__Description of the task__:
Search the records for the word "with" and report each line that has it.

__Supplied material__:
◆ ◆ ◆ ◆

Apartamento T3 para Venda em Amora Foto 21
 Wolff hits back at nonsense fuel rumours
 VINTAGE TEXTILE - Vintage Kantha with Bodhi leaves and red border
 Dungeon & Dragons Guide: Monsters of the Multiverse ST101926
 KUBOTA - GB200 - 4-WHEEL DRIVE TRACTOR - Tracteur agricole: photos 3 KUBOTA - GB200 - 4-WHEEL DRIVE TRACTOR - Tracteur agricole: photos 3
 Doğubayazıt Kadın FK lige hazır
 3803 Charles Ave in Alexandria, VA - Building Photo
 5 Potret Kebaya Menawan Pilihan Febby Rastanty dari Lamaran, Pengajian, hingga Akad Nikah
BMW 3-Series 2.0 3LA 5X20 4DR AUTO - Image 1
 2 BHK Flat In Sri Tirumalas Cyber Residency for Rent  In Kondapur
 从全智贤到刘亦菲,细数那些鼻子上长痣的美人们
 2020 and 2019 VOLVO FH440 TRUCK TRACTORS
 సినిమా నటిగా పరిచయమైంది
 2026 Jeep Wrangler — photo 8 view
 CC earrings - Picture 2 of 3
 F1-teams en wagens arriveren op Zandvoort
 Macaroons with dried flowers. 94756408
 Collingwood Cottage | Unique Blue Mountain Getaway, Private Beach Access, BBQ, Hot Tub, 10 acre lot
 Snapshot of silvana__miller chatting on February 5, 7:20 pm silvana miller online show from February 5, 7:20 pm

◆ ◆ ◆ ◆

__Written response__:
 VINTAGE TEXTILE - Vintage Kantha with Bodhi leaves and red border
 Macaroons with dried flowers. 94756408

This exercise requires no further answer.